Koerdische demonstraties in Den Haag

 

 

Van de redactie

De Koerdische gemeenschap in Nederland heeft met grote zorg gereageerd op de beslissing van de Europese Unie om de Koerdische bevrijdingsbeweging PKK op de Europese antiterreurlijst te plaatsten. Het is duidelijk dat vooral druk van de Turkse overheid en de VS tot deze beslissing heeft geleid.

Op 1 en 2 mei werden bij het ministerie van Buitenlandse Zaken in Den Haag Koerdische demonstraties gehouden.
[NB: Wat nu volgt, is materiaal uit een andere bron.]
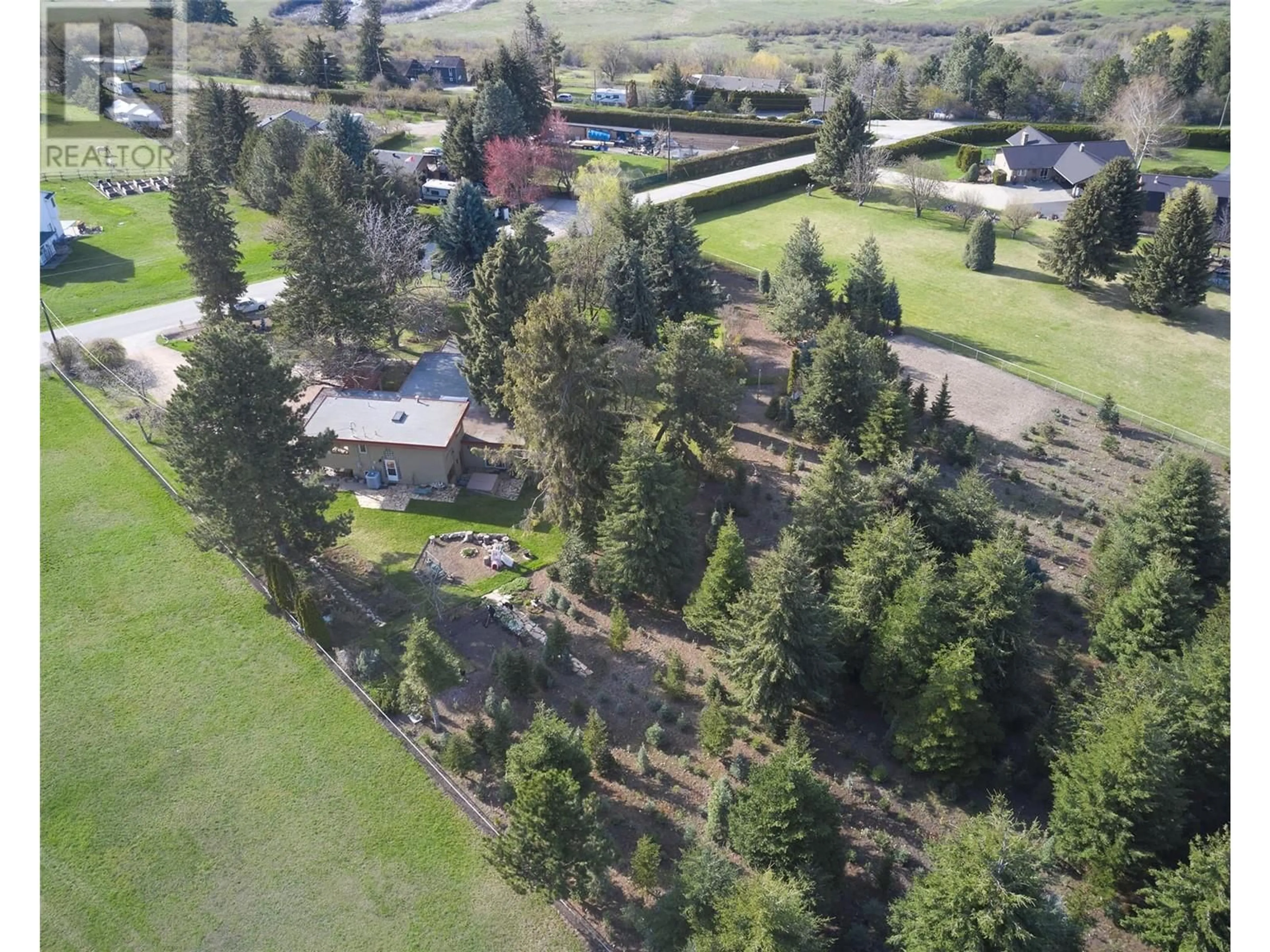 A pic from outside/outdoor area/front of a property/back of a property/a pic from drone, unknown for 239 STEPPING STONES CRESCENT, Spallumcheen British Columbia V1H1X2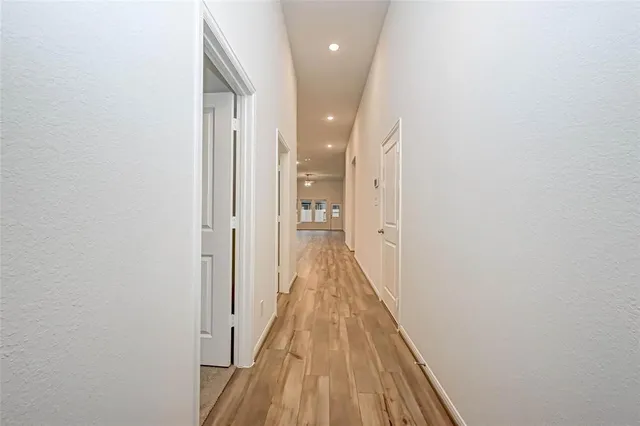 a view of a hallway with wooden floor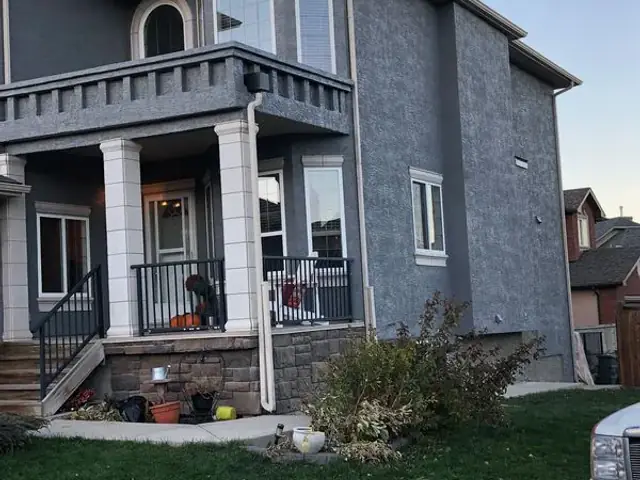 Restored dark grey stucco exterior after graffiti repair and professional repainting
Het is onbegrijpelijk dat de Europese landen de ogen sluiten voor de vredesinitiatieven van de Koerdische beweging. De boodschap van Koerdische zijde is duidelijk: "Wij willen vrede en dialoog." De EU-beslissing geeft veel Koerden het gevoel dat het Koerdische volk opnieuw tot een oorlog zal worden gedwongen. Dit zal betekenen meer doden, meer gewonden en meer slachtoffers aan alle kanten.

Sinds 1993 heeft de PKK een koers gevolgd die is gericht op vrede en democratie. Een aantal keren is er een eenzijdig staakt-het-vuren uitgeroepen, de laatste keer op 1 september 1998. Dit staakt-het-vuren is nog steeds van kracht. De PKK heeft de oorlog eenzijdig beëindigd. De Europese Unie moet juist dit feit erkennen in plaats van het Koerdische volk te criminaliseren. De voorstellen voor vrede en een democratische oplossing die van Koerdische zijde zijn gedaan hebben maar weinig gehoor gevonden. Intussen zet de Turkse staat de repressie tegen de Koerden voort. In sommige plaatsen werd het Newroz-feest verboden, terwijl bijvoorbeeld in Diyarbakir bijna één miljoen Koerden vreedzaam het feest vierden. Het recht op de moedertaal en de cultuur wordt nog steeds niet erkend. Mensen die werkzaam zijn in democratische legale organisaties worden opgepakt en verdwijnen in de gevangenissen. Het dogmatisme van de Turkse regering staat een oplossing van de Koerdische kwestie in de weg.